As we miniaturize the transistors, we will be facing this problem more often. Because our classical bits are based on the passing of electrons where active high(1) represents the movement of an electron, and active low(0) represents no movement. Now, this will cause a serious issue for the performance of a system if active high starts occurring without any real passing of current or impulse. Not only the processes, but the data storage also might not be reliable any longer if this problem persists on a large scale. Furthermore, quantum tunneling is a fundamental phenomenon, which means it cannot be eliminated, however, it can be reduced to some extent. A common approach is to increase the width and the height of the barrier. This can be done through regional doping as well as altering the geometry of the system. However, can we take this challenge as an opportunity to find a different approach to more complex calculations and computations? After all, that is what computers are designed for.

 

 

 

 

The answer to this could be quantum bits or 'qubits'. In qubits, we don’t just deal with two discrete states, but states of superposition, which means it can exist as 0 and 1 at the same time. This also differs from the classical bits because a qubit is defined in terms of the spin of the electrons within its orbital. This can be altered using an EM wave of a specific frequency. However, the sole idea of quantum computing is to reduce the total number of computations to obtain a certain result. Perhaps, the processing speed may still be better in the computers that we use today, apart from certain processes.
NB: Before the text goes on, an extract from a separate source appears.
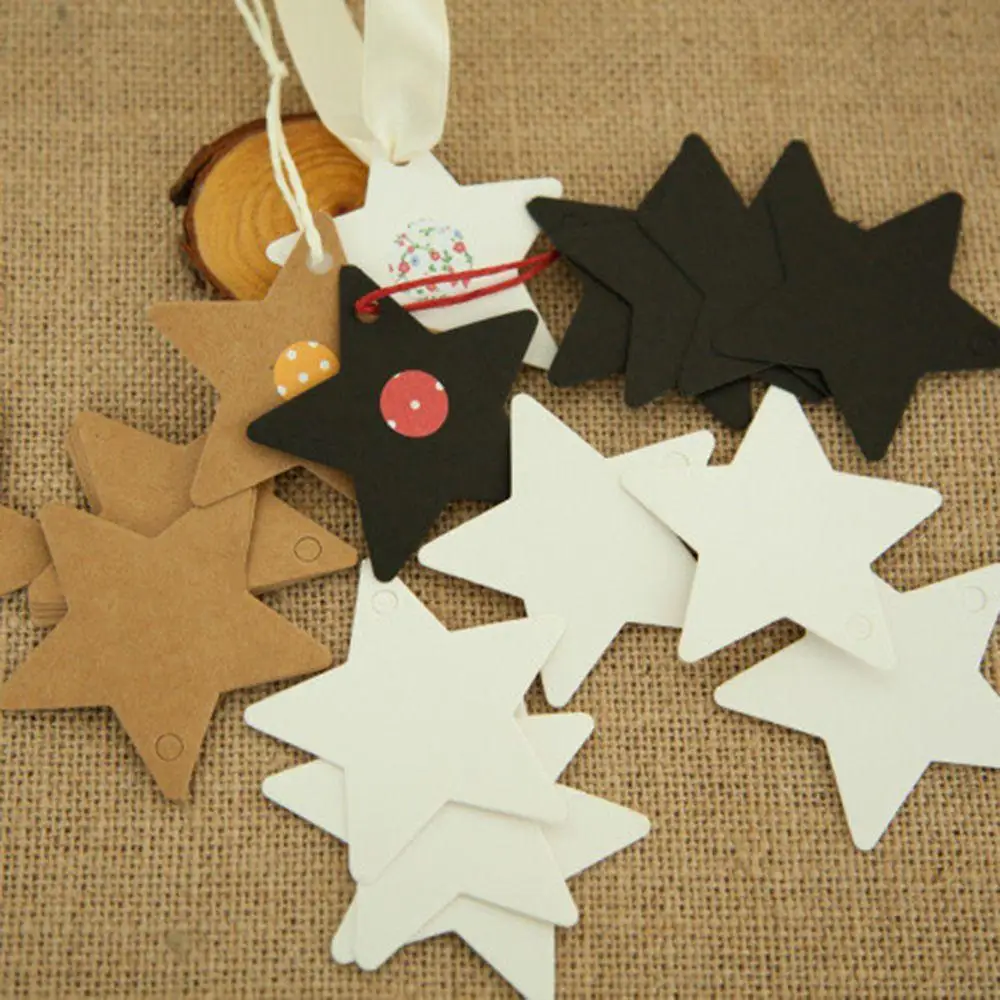 

50Pcs Star Kraft Paper Label Wedding Christmas Halloween Party Favor Price Gift Card Luggage Tags White Black Brown 3 Colors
There are certain algorithms such as Shor’s algorithm and Grover’s algorithm that are designed to work on quantum computers. Despite the possibilities it presents, there have been very few developments although a lot of research activities are currently ongoing.
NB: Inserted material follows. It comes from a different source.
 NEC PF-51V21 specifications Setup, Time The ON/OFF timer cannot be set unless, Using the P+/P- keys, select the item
To sum it up, we as a species have pushed our limits to knowledge and technological advancements every time, we thought we reached our limits. Could Einstein or Planck have guessed what their propositions and theories have done? Would they have even thought their findings would revolutionize the whole ideology of science? Science is just not a subject, it’s a religion that speaks the language of mathematics. Understanding nature, exploring unsee-able phenomena and drawing conclusions have always been the foundation for new theories and solutions. Soon, a reliable solution will be found to this. It’s just a matter of time. Today we explore the underlying issues that come along with the miniaturization of transistors beyond the nanometer mark, tomorrow we may realize that may be miniaturization is not the way ahead.